Showing posts with label Fear. Show all posts
Showing posts with label Fear. Show all posts

Friday, 28 August 2009

Blois - France The Trip Begins!

http://www.ulmblois.com/frame-idx-uk.html

Lawn Cut
Fish Water Changed
Pillows Packed
Aircraft Prep ed
Plans Made - Made Again
GAR Forms Filed
Buy Camera
Say chero to Charlotte
Ring the kids...


Its time to fly to France!

As always I feel a pang of doubt about the 65 miles across water 130 if I want to come back! is the risk worth the reward? Do I stay with the aircraft of jump at the last minute in the event of accident.....I a jumper... I hope not to find out if this method works!

Sunday, 21 June 2009

DAY TWO - Northampton - Edinburgh

Northampton - Manchester Barton.
2hrs 30 Minutes
Highlights: Jodderal Bank - Manchester Low Level Corridor

Barton - St Michaels
1hr 05 Mintes
Highlights:: Meeting Jim Orange farther of 14 kids 10 boys and 4 Girls.

St Michaels - Kirkbridge
1Hrs 30 Minutes
Highlights: Morcombe Bay / Lake District

Kirkbrige - Edinburgh (Carlobs )
1.20 Minutes
Highlight: Extream Turbulance - Bundting the Aircraft over the 2,500 foot TME..

Tuesday, 16 June 2009

Fly UK 2009 - Counting Down - Tuesday

Essential maintenance complete, oil changed new plugs, a good look over the trike and detailed look at the wing, check lists printed and laminated. A pile of camping equipment in the car is being slowly loaded into the car.

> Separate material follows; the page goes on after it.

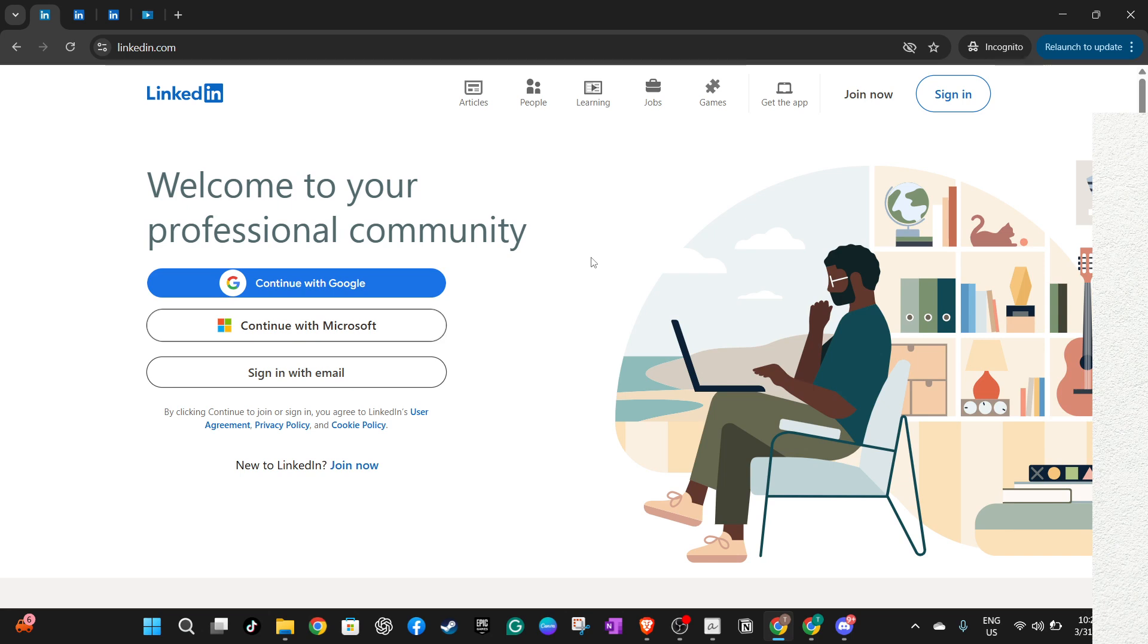Let's start by opening your web browser and heading over to LinkedIn's website at linkedin.com. Once you're there, you'll need to log into your LinkedIn account.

Completing my ICE documents tonight, I have to prepare for the worst and plan for the best. How do you plan to say good by to the kids? Like I might not see them again? or like I will see them next week? The truth is its no more dangerous to fly around the UK in a microlight than it is to travel to London in the car. So why to I feel differently about saying "see you later" on Friday night than I do when I rush off to work in the morning? What is it about flying that brings you to terms with your own mortality, when compared to taking the car to Tesco's (Whoops....Waitrose ;-)

"I began to feel like I lived on a higher plane thant the sketics of the ground; one that was richer because of its very assocation with the element of danger they dreaded, becuase it was freer of the earth to which they were bound.

In flying, I tasted the wine of the gods of whch they cound known nothing.

Who valued life more highly, the aviators who spent it on the art they loved, or these misers who doled it out like pennies through their ant like days?

I decided that if if I could fly for ten years before I was killed in crash, it would be a worthwhile trade for an ordinary life." - CSA




Wednesday, 1 April 2009

Fear Of Flying or Fear of Falling?

Since my first flight to Canada in 1978, I have been a little bit afraid of flying. Over the next 15 years I flew more and more as my job as the "Export Manager" for a Southampton based Engineering company meant spending months away from home flying from country to country. I recall on one tour completing 18 flights across India, Asia and Australia. I became more nervous each flight until I recall having to be off my "Gin and Tonic face" to get onto the Jumbo returning from Melbourne. Illogical fear, but then what part does logic play in fear?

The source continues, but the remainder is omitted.